## Listed records:
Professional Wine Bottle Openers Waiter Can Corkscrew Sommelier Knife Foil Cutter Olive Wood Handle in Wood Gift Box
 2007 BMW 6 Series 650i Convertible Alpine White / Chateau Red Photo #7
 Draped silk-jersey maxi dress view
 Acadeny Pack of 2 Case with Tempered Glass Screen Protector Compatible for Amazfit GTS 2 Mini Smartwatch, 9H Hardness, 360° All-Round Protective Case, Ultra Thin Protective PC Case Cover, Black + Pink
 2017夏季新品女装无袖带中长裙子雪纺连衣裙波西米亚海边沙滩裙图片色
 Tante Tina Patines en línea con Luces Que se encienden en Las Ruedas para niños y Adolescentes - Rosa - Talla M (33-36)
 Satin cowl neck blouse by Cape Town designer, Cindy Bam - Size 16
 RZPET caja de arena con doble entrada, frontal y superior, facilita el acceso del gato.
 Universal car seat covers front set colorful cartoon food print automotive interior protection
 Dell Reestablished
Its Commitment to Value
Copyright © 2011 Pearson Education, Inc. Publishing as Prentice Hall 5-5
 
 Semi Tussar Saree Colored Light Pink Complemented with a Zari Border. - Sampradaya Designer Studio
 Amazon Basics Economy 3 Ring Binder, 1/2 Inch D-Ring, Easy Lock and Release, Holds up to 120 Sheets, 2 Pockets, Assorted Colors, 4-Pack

## Exercise objective:
Write out, word for word, the lines from the one containing "Satin cowl neck" through the end of the records, with no other lines.

## Written answer:
 Satin cowl neck blouse by Cape Town designer, Cindy Bam - Size 16
 RZPET caja de arena con doble entrada, frontal y superior, facilita el acceso del gato.
 Universal car seat covers front set colorful cartoon food print automotive interior protection
 Dell Reestablished
Its Commitment to Value
Copyright © 2011 Pearson Education, Inc. Publishing as Prentice Hall 5-5
 
 Semi Tussar Saree Colored Light Pink Complemented with a Zari Border. - Sampradaya Designer Studio
 Amazon Basics Economy 3 Ring Binder, 1/2 Inch D-Ring, Easy Lock and Release, Holds up to 120 Sheets, 2 Pockets, Assorted Colors, 4-Pack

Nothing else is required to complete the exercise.